__Data shown__.
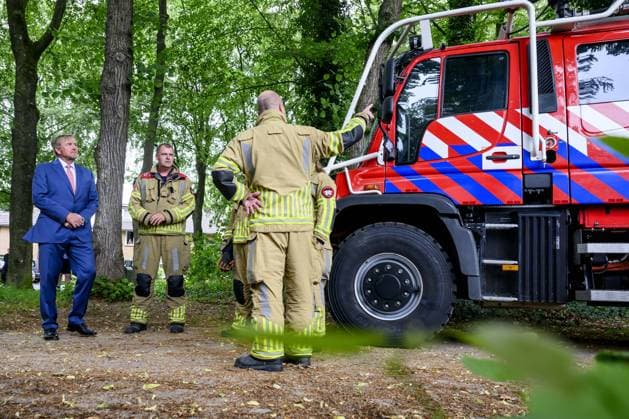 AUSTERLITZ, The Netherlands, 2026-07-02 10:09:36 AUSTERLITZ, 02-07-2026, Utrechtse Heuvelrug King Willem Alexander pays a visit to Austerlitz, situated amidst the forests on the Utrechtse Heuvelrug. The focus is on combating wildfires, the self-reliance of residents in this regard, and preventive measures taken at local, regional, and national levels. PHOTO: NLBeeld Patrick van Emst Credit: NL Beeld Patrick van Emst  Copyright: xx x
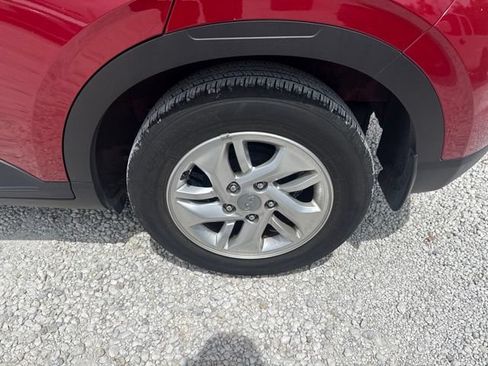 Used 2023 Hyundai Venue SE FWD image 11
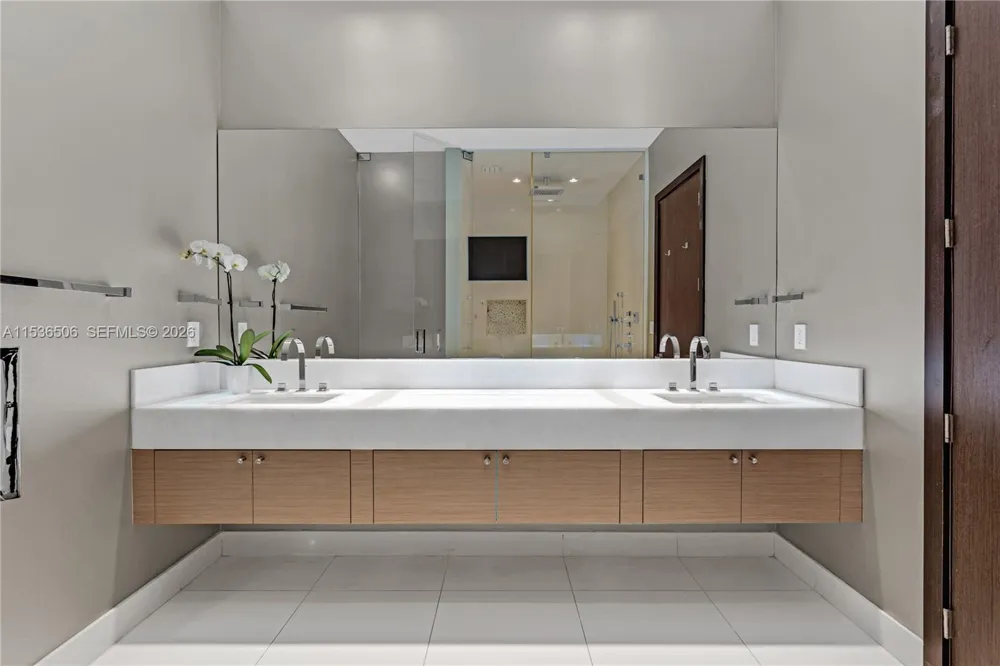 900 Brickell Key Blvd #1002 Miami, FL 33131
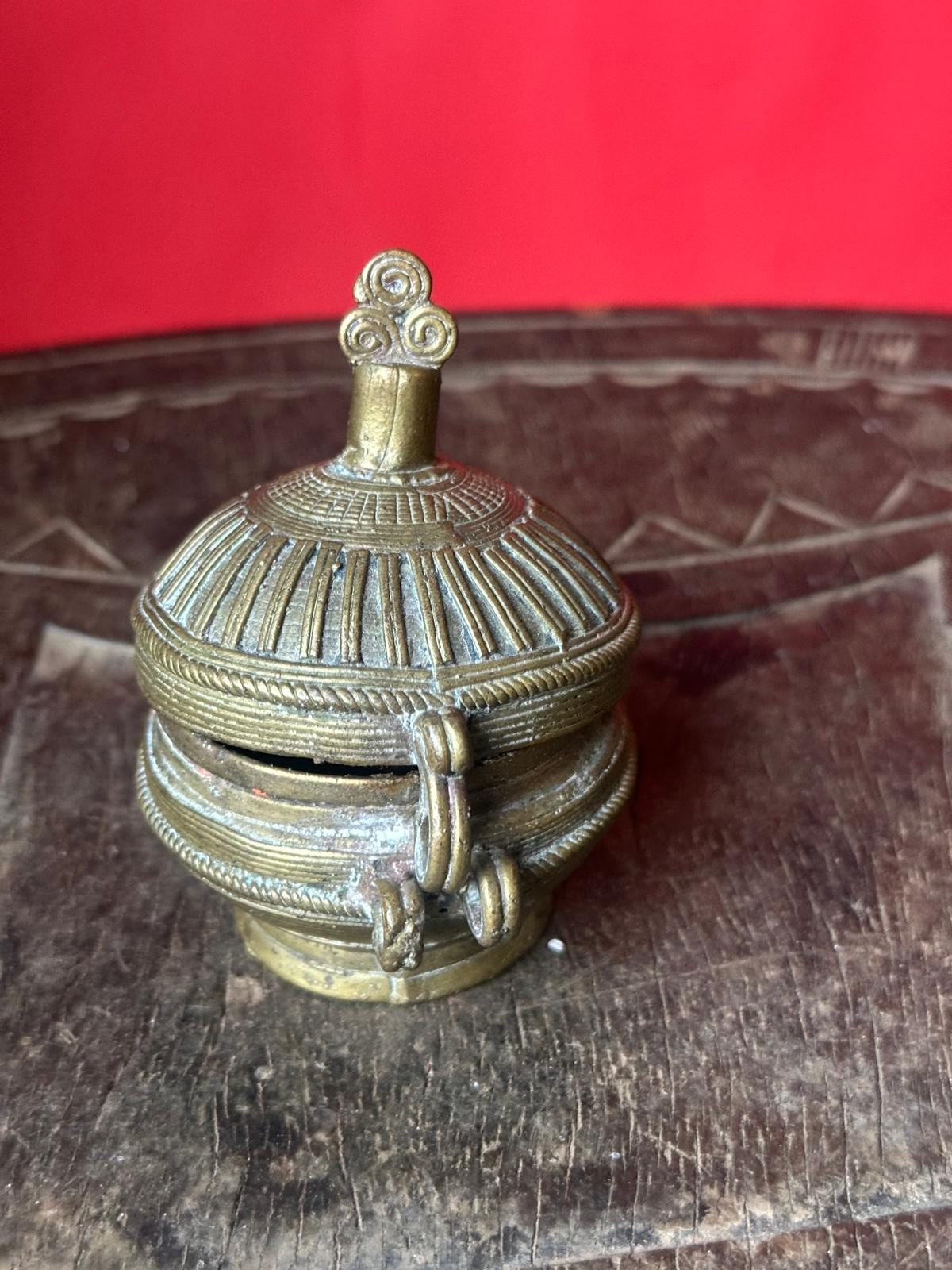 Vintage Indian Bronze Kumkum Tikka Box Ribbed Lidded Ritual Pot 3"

__To do__. All of the listing is to be written out exactly, with the pictures left out.

__Exercise solution__.
 AUSTERLITZ, The Netherlands, 2026-07-02 10:09:36 AUSTERLITZ, 02-07-2026, Utrechtse Heuvelrug King Willem Alexander pays a visit to Austerlitz, situated amidst the forests on the Utrechtse Heuvelrug. The focus is on combating wildfires, the self-reliance of residents in this regard, and preventive measures taken at local, regional, and national levels. PHOTO: NLBeeld Patrick van Emst Credit: NL Beeld Patrick van Emst  Copyright: xx x
 Used 2023 Hyundai Venue SE FWD image 11
 900 Brickell Key Blvd #1002 Miami, FL 33131
 Vintage Indian Bronze Kumkum Tikka Box Ribbed Lidded Ritual Pot 3"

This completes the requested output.